Interest was so high that Reed recreated other SOCOM maps in Creative. He also did whatever he could to mimic SOCOM’s gameplay within Fortnite, ditching many of the zany mechanics that define a battle royale, which is known to have Thanos and Darth Vader zipping between buildings using Spider-Man’s web-slinging powers.
Now, Reed runs a regular competitive league of SOCOM fans who play Fortnite as if they were playing a tactical shooter over 10 years old.
More than a few creators use Creative as a canvas: Coaches use it to create custom training courses for players who compete in the Fortnite Championship Series, and companies like Coca-Cola and Gilette create marketing “experiences” in the mode with the help of creatives who design for it.

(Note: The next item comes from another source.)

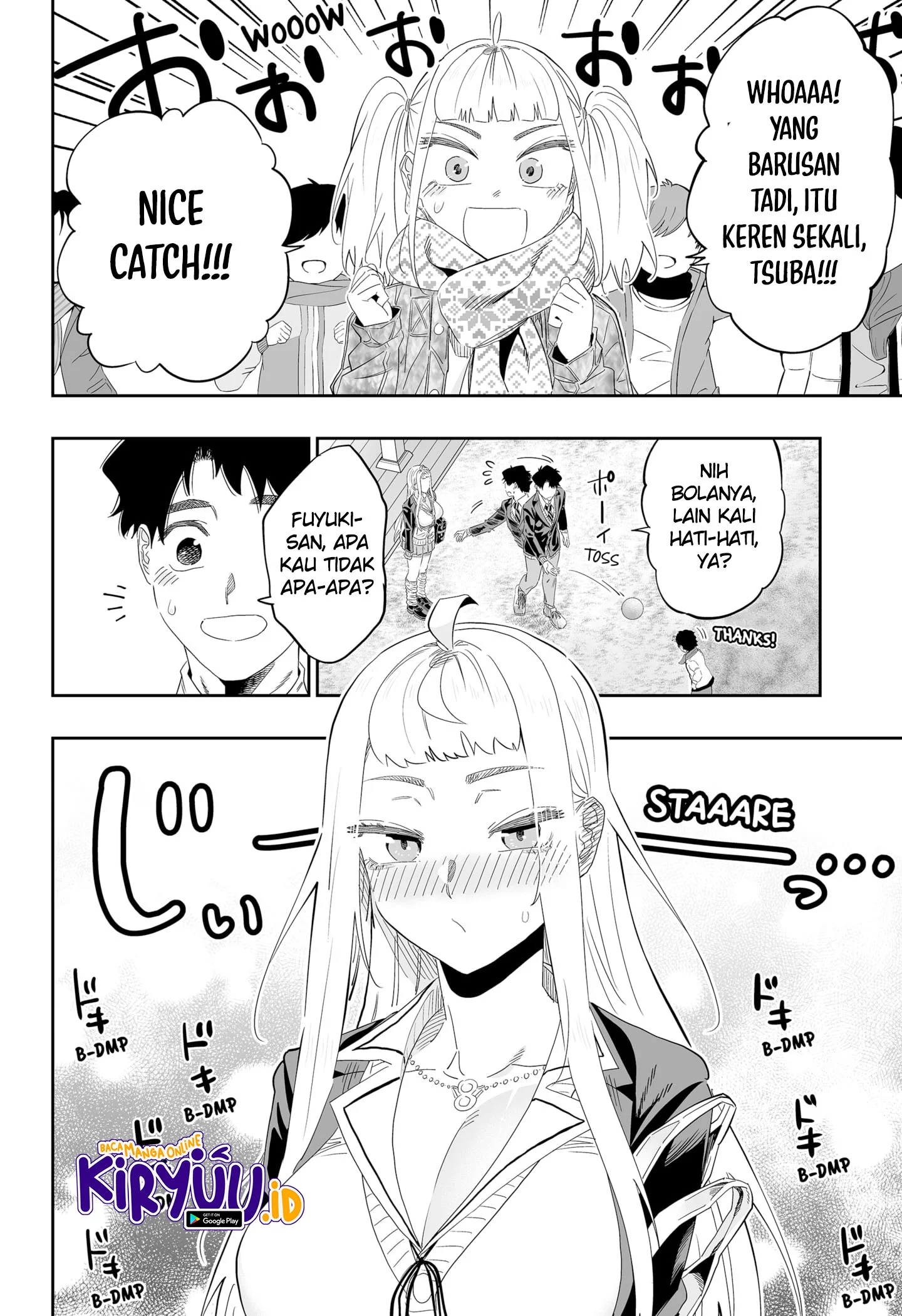 Dosanko Gyaru wa Namaramenkoi Chapter 92 Gambar 15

“Creative, nowadays, has become what its original vision promised,” says Fortnite coach Sameed Mohammed. “These creators are able to make maps that I use to build routines that train players. They’ve unlocked its full potential.”
Dozens of creators have built an entire genre of maps that are designed to help players improve their basic Fortnite skills, no matter their skill level. Maps that help players learn to build a wall, edit a window, and fire off a shot within seconds are a dime a dozen. Most players spend more time training in Creative than they do actually playing in the competitive modes they’re training for.
“They’re in it 24/7, they play it more than the real game,” Mohammed says. “It’s evolved into something that people do for fun.”
Referencing other FPS training platforms like Aimlab and Aim Trainer, Mohammed says, “Fortnite Creative provides a complete way to train. While Aimlab does have other features that Fortnite doesn’t, like statistics you can track, there is nothing more important for pro players to feel like than an extension of the game they’re playing.”
Creative looks nothing like it did when it originally launched in late 2018, according to some of the most dedicated creators working in the mode now.
“It’s like night and day,” said Team Alliance’s Mackenzie Jackson. He explains that more assets and programming options have been added over the past four years. “The options before were so limiting.”
Team Alliance is one of several Fortnite marketing agencies that work with companies like 100 Thieves, Sky Broadband, and others to create branded experiences within Fortnite Creative. They often charge up to hundreds of thousands of dollars for custom maps, partially due to how many players use Creative every day.
These agencies are essentially game studios themselves. They build out concept ideas, design levels, program gameplay, fill-in art, and bug test—all within a matter of weeks—so players can pretend to be delivery drivers for GrubHub while driving around in Fortnite.